En su brillante debut, Custodia compartida (2017), Xavier Legrand demostraba su habilidad para adentrarse en arenas movedizas y salir ileso al convertir una sospecha de malos tratos dentro del ámbito doméstico en un thriller con tintes de terror, llevando los acontecimientos al límite pero sin sacrificar verosimilitud. Para esclarecer la incógnita planteada desde su primera escena, desplegaba en aquel caso un juego de grises en el que invitaba al espectador a recalibrar su empatía hacia los personajes hasta acabar aceptando la única verdad posible. Con El sucesor (2023), estrenada ahora y presentada en la pasada edición del Festival de San Sebastián, cuya proyección provocó opiniones muy dispares, el director francés reincide en el género y de nuevo pone el foco en la parte más oscura de los vínculos familiares, si bien añade en este caso un extra de truculencia a la historia. A modo de declaración de intenciones, en la larga secuencia inicial se muestra un desfile de moda sobre una pasarela que sigue un trazado en espiral, una figura geométrica que actúa como metáfora de la neurosis del protagonista y que, para mayor subrayado, ilustra también el póster de la película. Si en Custodia compartida Legrand desarrollaba los acontecimientos a través de un tenso in crescendo que desembocaba en un estallido final, en El sucesor la historia se divide en dos partes, siendo la primera más pausada y orientada esencialmente hacia la presentación del personaje principal, Ellias Barnès (Marc-André Grondin), recién nombrado como nuevo director artístico de una importante firma de moda parisina. En el momento de mayor proyección de su carrera la noticia del fallecimiento de su padre, con el que no mantiene relación desde hace años, hará que deba trasladarse desde París a Montreal, donde éste residía, para ordenar toda la burocracia en relación a la herencia y el funeral. La segunda parte del film está marcada por un terrible hallazgo que actuará como el detonante de un cambio de registro. A partir de aquí Legrand pisa el acelerador, los acontecimientos se precipitan y la historia deriva hacia un thriller terrorífico sobre secretos familiares.

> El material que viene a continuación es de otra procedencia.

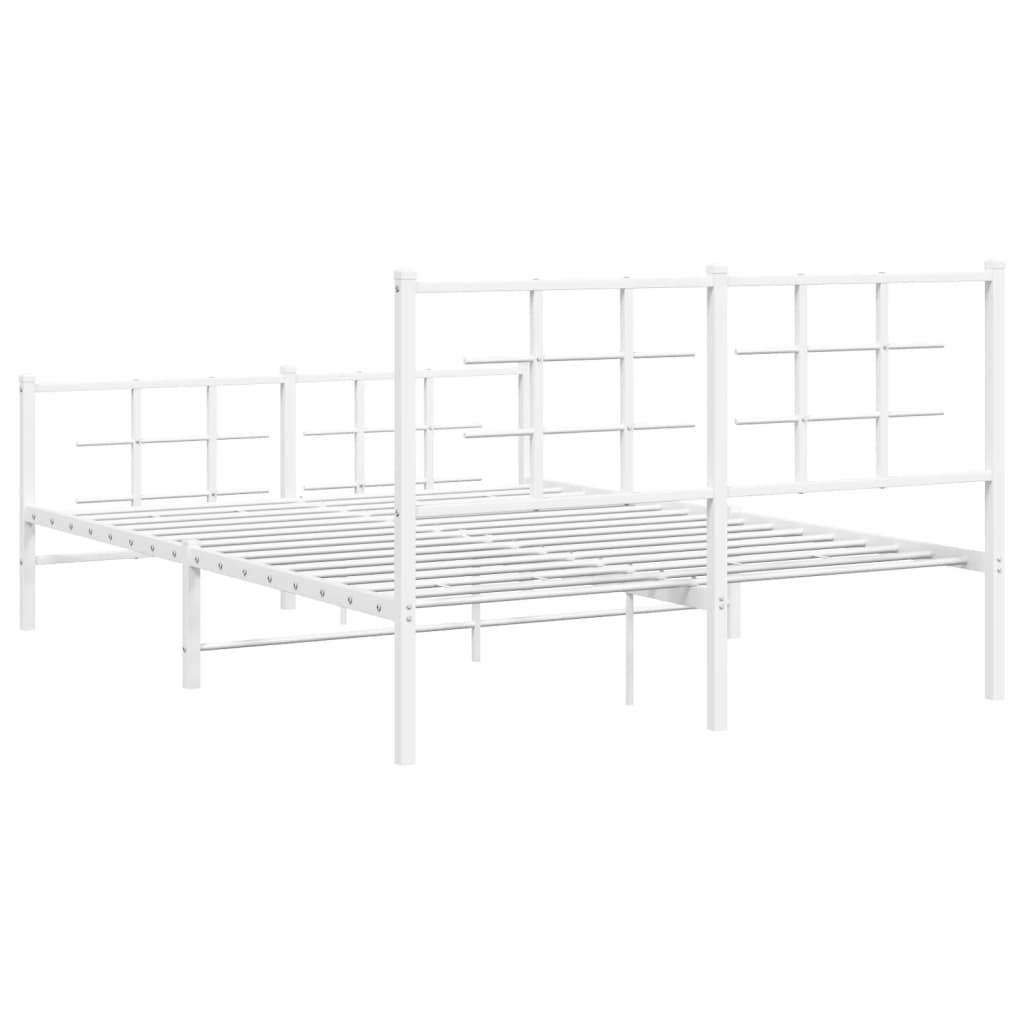 vidaXL Cadre de lit métal sans matelas et pied de lit blanc 135x190 cm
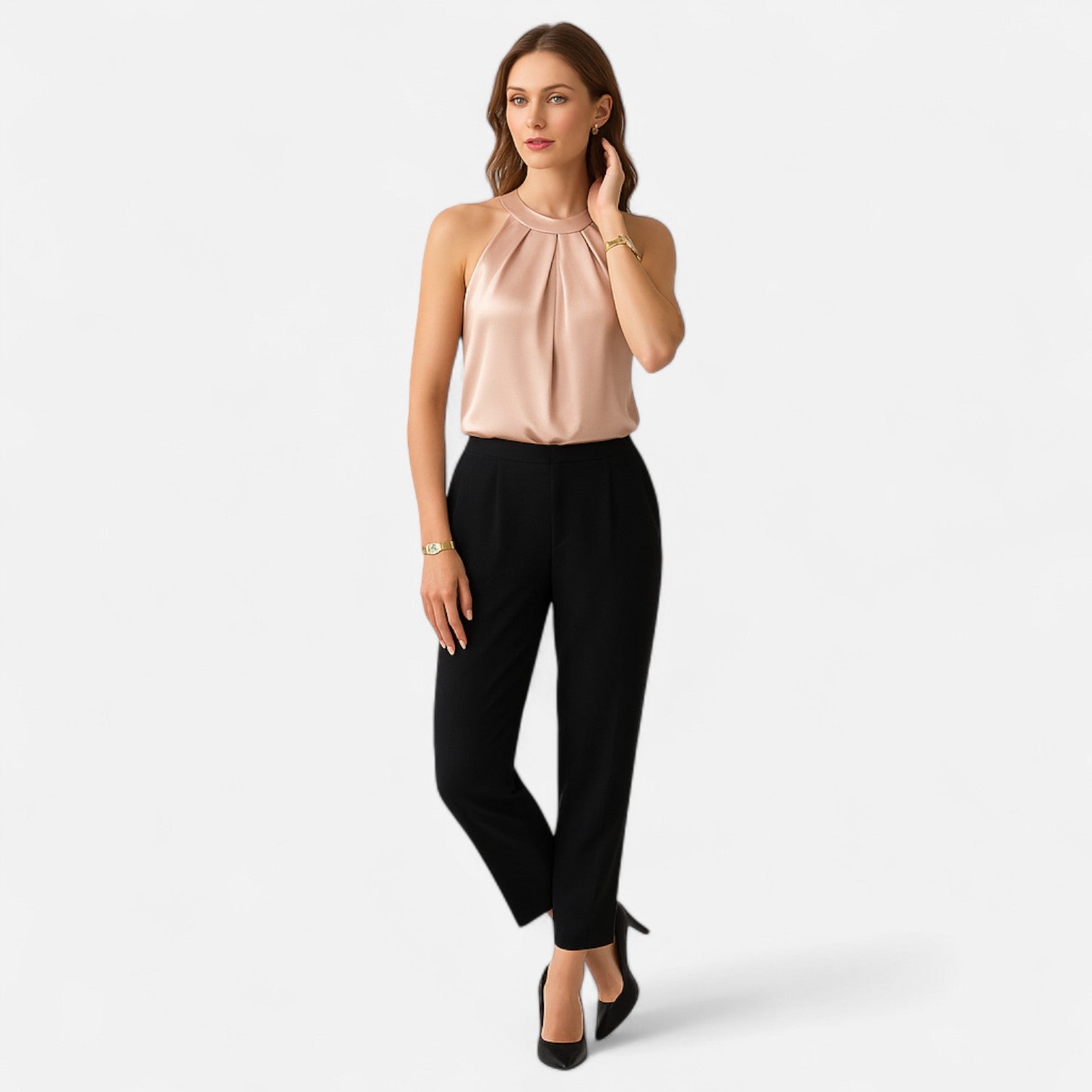 Satin Pleated Tank Top for Women | Elegant Draped Sleeveless Blouse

Basada en la novela L’ ascendant, de Alexandre Postel, el director francés opta por introducir un cambio con respecto a la profesión del personaje principal que resulta ser un vendedor de telefonía móvil en la obra literaria. El hecho de que Legrand escoja a un icono de la alta costura no es algo trivial dado que éste es un sector tradicionalmente asociado con la frivolidad y el exceso, donde no es inusual que ocurran escándalos que puedan salpicar a alguno de sus integrantes. Sin ese contexto, el del temor a tomar una decisión equivocada que pudiera arruinar toda su carrera, sería difícil explicar el comportamiento tan contraintuitivo y torpe del protagonista cuando tiene lugar una sorprendente concatenación de hechos donde debe actuar con premura. El devenir de los mismos y la manera cobarde y violenta con la que el protagonista los enfrenta, provocarán que acabe reconociendo en él mismo la huella de la herencia paterna, algo de lo que había creído escapar durante gran parte de su vida.
Grondin despliega una interpretación muy física donde expresa a través de su cuerpo los distintos estados mentales por los que transita a tenor de las circunstancias externas, siendo este abanico de emociones, junto a los inesperados giros de guion, las grandes bazas de la película. El film hace equilibrios por no caer en una comicidad excesiva ante el viraje alocado que toman los acontecimientos en su segunda parte, lo que hace pensar en una versión de Legrand mucho más desacomplejada y juguetona, en el buen sentido, en comparación con la precisión quirúrgica de su primer trabajo.